## Step 2.1: Load and Chunk Text Data

In [6]:
from langchain_community.document_loaders import TextLoader
from langchain.text_splitter import RecursiveCharacterTextSplitter

# Simulate a text file (or use any local .txt file)
with open("../data/data.txt", "w") as f:
    f.write("""
    Natural Language Processing (NLP) is a subfield of artificial intelligence concerned with the interaction between computers and human language. 
    It enables machines to understand, interpret, and generate text in a meaningful way. NLP powers applications like chatbots, sentiment analysis, 
    machine translation, and question answering systems.
    """)

# Load the document
loader = TextLoader("../data/data.txt")
documents = loader.load()

# Split into smaller chunks (RAG works better with chunks)
text_splitter = RecursiveCharacterTextSplitter(chunk_size=300, chunk_overlap=50)
docs = text_splitter.split_documents(documents)

## Step 2.2: Embed Documents + Store in FAISS

In [7]:
from langchain_community.vectorstores import FAISS
from sentence_transformers import SentenceTransformer
from langchain_huggingface import HuggingFaceEmbeddings

# Load HF embedding model
embedding_model = HuggingFaceEmbeddings(
    model_name="all-MiniLM-L6-v2"
)

# Create FAISS index
vectorstore = FAISS.from_documents(docs, embedding_model)

# Block 3 — Build RetrievalQA Chain (Latest Syntax)

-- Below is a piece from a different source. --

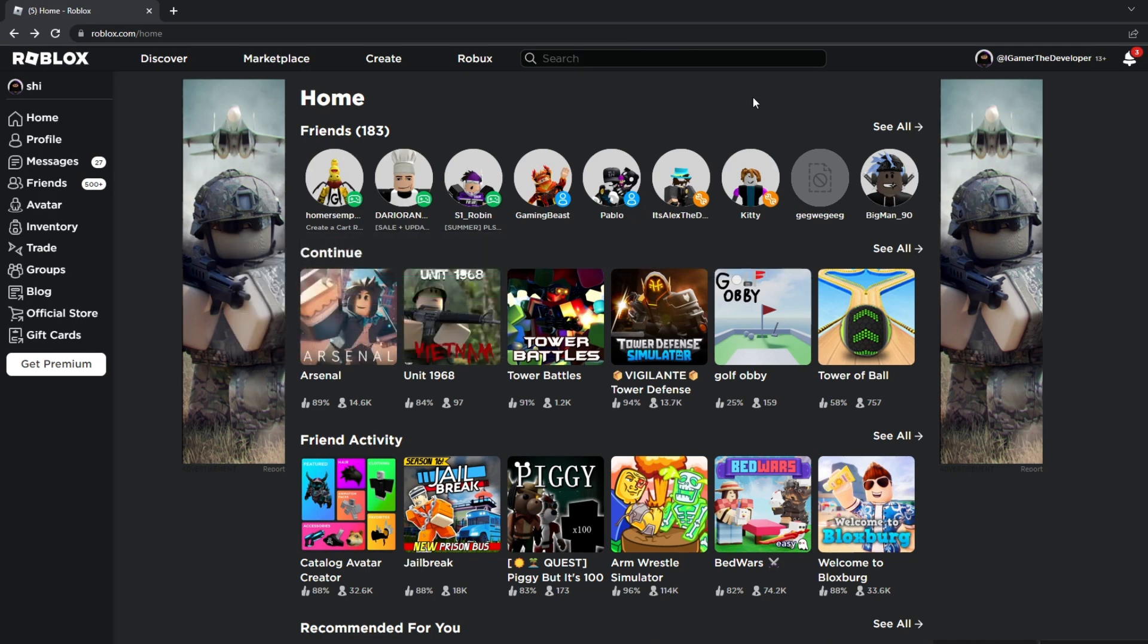So what's an UncopyLock game? Basically, these games allow you to copy the sources and stuff from the game, and let's try using one for an example.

## Step 3.1: Create a Retriever from FAISS

In [8]:
retriever = vectorstore.as_retriever()

## Step 3.2: Load HuggingFace LLM (Flan-T5)

In [9]:
from langchain_huggingface import HuggingFacePipeline
from transformers import AutoTokenizer, AutoModelForSeq2SeqLM, pipeline

# Load model
model_name = "google/flan-t5-base"
tokenizer = AutoTokenizer.from_pretrained(model_name)
model = AutoModelForSeq2SeqLM.from_pretrained(model_name)

# Build pipeline with sampling
pipe = pipeline("text2text-generation", model=model, tokenizer=tokenizer, max_length=100)

# LangChain-compatible LLM wrapper
llm = HuggingFacePipeline(pipeline=pipe)

Device set to use mps:0


## Step 3.3: Build and Run the RetrievalQA Chain

In [10]:
from langchain.chains import RetrievalQA

# Combine retriever and model
qa_chain = RetrievalQA.from_chain_type(
    llm=llm,
    retriever=retriever,
    chain_type="stuff"  # simple chain: concatenate context + ask
)

# Ask a question
query = "What is NLP?"
result = qa_chain.invoke({"query": query})

print("🔍 Question:", query)
print("📘 Answer:", result['result'])

🔍 Question: What is NLP?
📘 Answer: Natural Language Processing


What's happening:
retriever: Pulls relevant chunks using FAISS, 
llm: Generates answer using HuggingFace model, 
stuff chain: Simply stuffs all retrieved text into prompt


# Block: 4 — Save and Reload FAISS Index

## Step 4.1: Save the FAISS Index to Disk

In [14]:
# Save FAISS vectorstore to disk
vectorstore.save_local("../data/vectorstores/nlp_index")

This creates a folder called vectorstores/nlp_index/ with:
	•	index.faiss: vector index
	•	index.pkl: metadata and documents

## Step 4.2: Load FAISS Index Later

In [17]:

# Reuse the same embedding model
embedding_model = HuggingFaceEmbeddings(model_name="all-MiniLM-L6-v2")

# Load the index
vectorstore = FAISS.load_local(
    "../data/vectorstores/nlp_index",
    embeddings=embedding_model,
    allow_dangerous_deserialization=True
)

# Rebuild retriever + QA chain
retriever = vectorstore.as_retriever()
qa_chain = RetrievalQA.from_chain_type(llm=llm, retriever=retriever, chain_type="stuff")

You can now use qa_chain.invoke({"query": ...}) again without needing to rerun chunking + embedding.